* AVAILABLE DATA
= = =

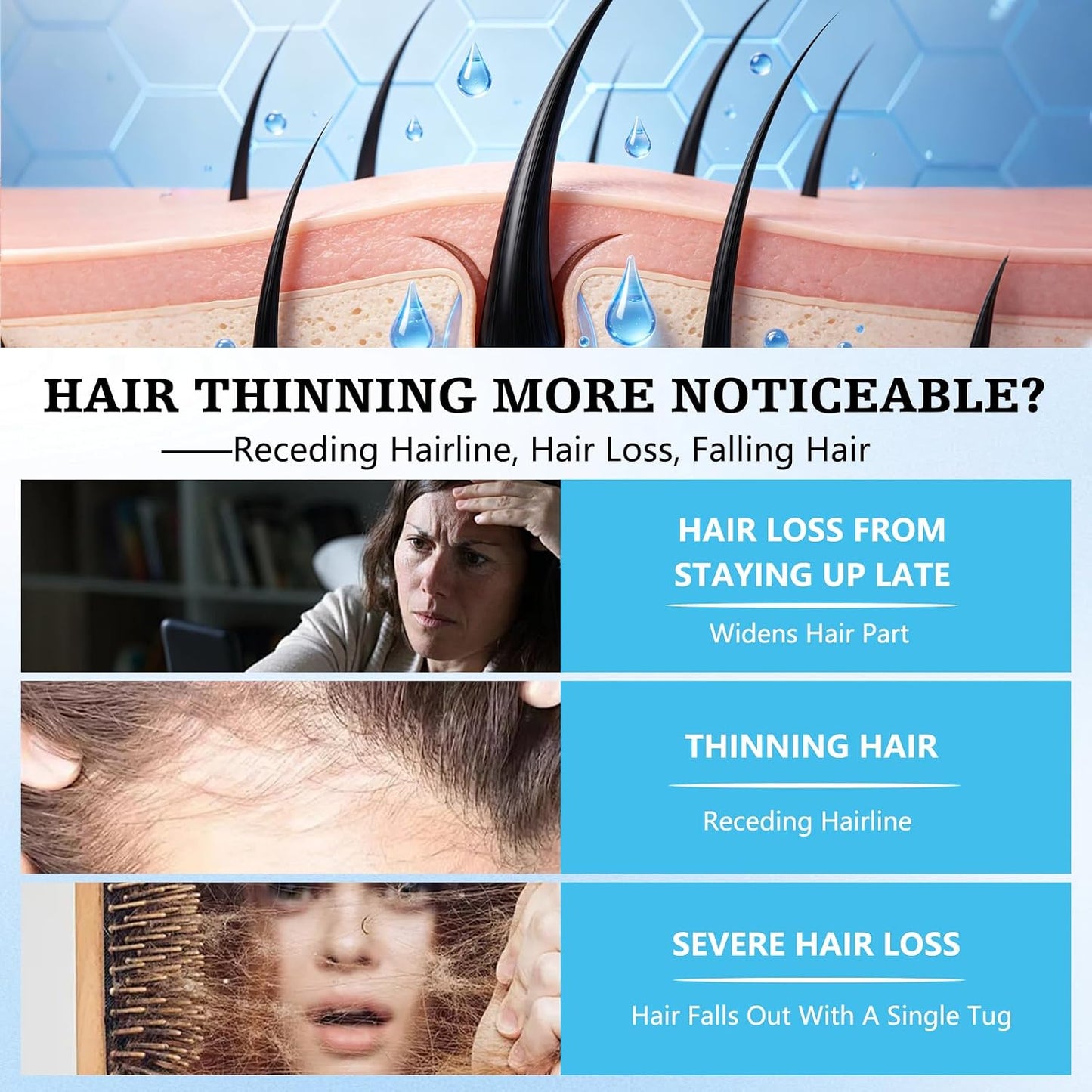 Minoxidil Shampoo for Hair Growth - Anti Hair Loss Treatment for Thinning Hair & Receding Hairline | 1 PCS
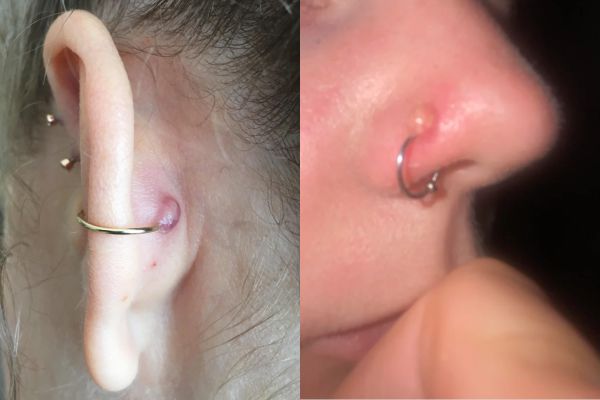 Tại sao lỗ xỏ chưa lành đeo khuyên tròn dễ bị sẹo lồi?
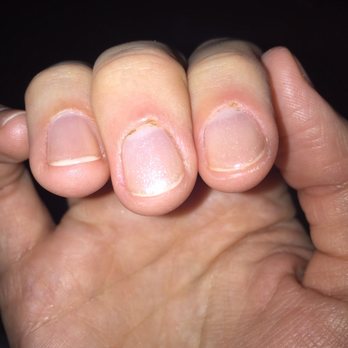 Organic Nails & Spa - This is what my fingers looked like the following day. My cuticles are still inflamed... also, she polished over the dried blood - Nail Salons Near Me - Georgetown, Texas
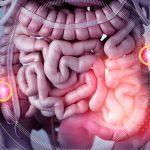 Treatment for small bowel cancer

= = =

* TASK ITEM
Output only the lines that run from the line containing "Organic Nails &" to the last line of the data, exactly as they stand and without pictures.

* RESPONSE AREA
 Organic Nails & Spa - This is what my fingers looked like the following day. My cuticles are still inflamed... also, she polished over the dried blood - Nail Salons Near Me - Georgetown, Texas
 Treatment for small bowel cancer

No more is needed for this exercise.